A company is hosting critical business data in an Amazon Redshift cluster. Due to the sensitive nature of the data, the cluster is encrypted at rest using AWS
KMS. As a part of disaster recovery requirements, the company needs to copy the Amazon Redshift snapshots to another Region.
Which steps should be taken in the AWS Management Console to meet the disaster recovery requirements?

Answer options

• A. Create a new KMS customer master key in the source Region. Switch to the destination Region, enable Amazon Redshift cross-Region snapshots, and use the KMS key of the source Region.
• B. Create a new IAM role with access to the KMS key.
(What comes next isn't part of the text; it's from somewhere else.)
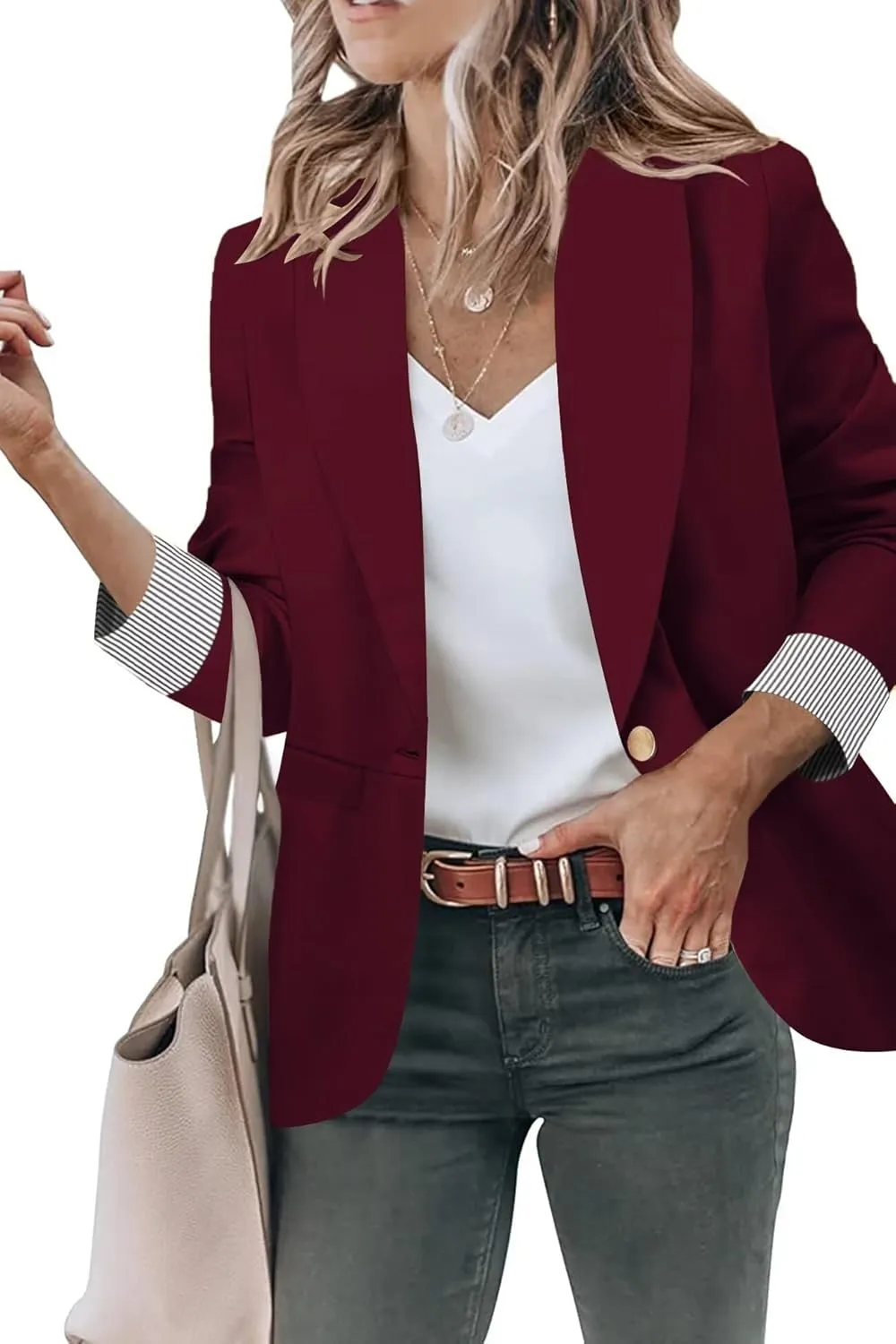 Genhoo Blazer Jackets for Women with Pockets Open Front Long Sleeve Casual Work Office Blazers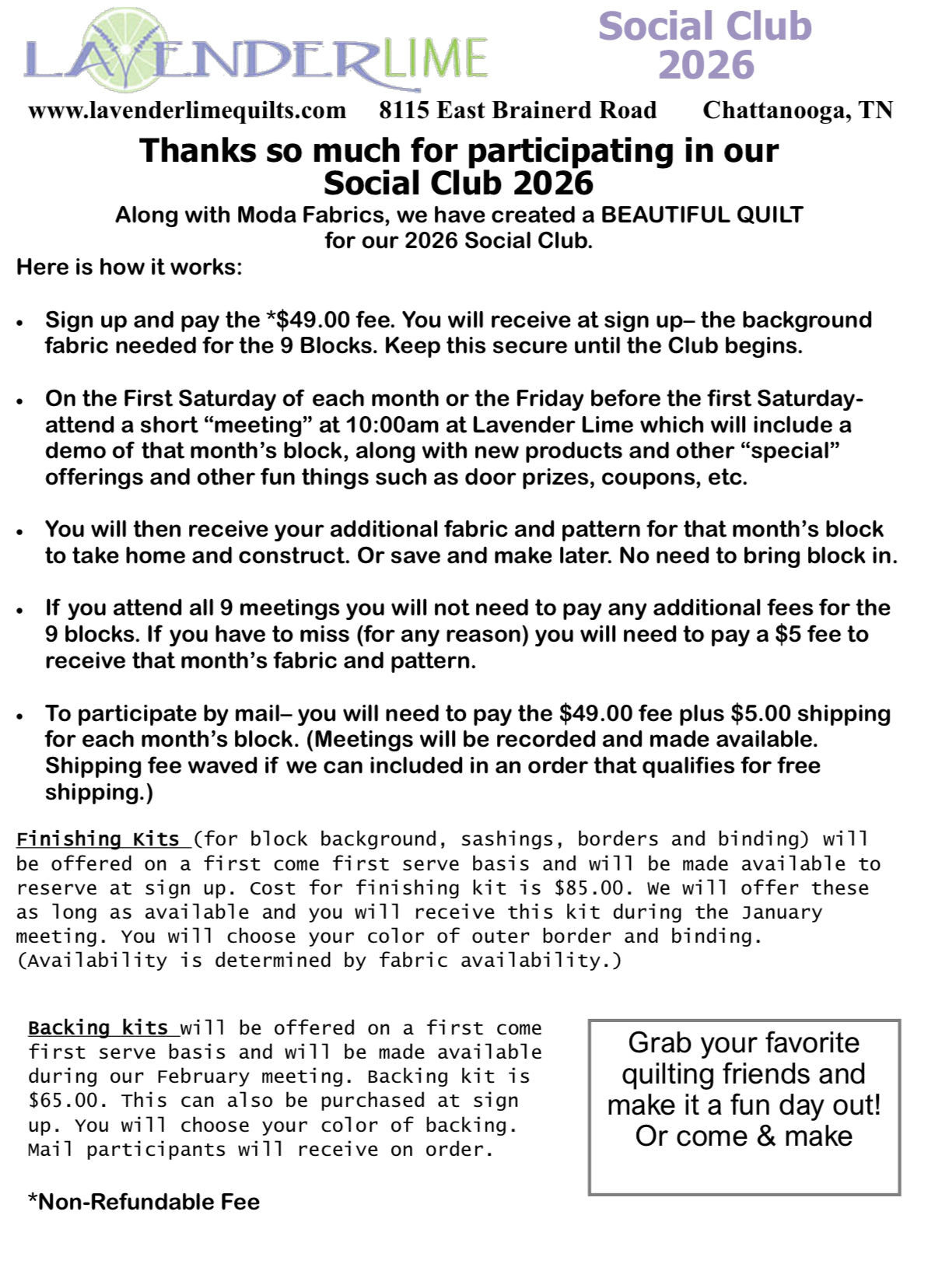 2026 Social Club Backing Kit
Enable Amazon Redshift cross-Region replication using the new IAM role, and use the KMS key of the source Region.
• C. Enable Amazon Redshift cross-Region snapshots in the source Region, and create a snapshot copy grant and use a KMS key in the destination Region.
• D. Create a new KMS customer master key in the destination Region and create a new IAM role with access to the new KMS key. Enable Amazon Redshift cross-Region replication in the source Region and use the KMS key of the destination Region.

Correct answer: C

Explanation

The correct answer is C because enabling cross-Region snapshots in the source Region and creating a snapshot copy grant allows for the secure transfer of snapshots using the KMS key in the destination Region. Options A and B do not correctly address the requirement to use a KMS key from the destination Region, and option D incorrectly suggests using the destination KMS key for replication in the source Region.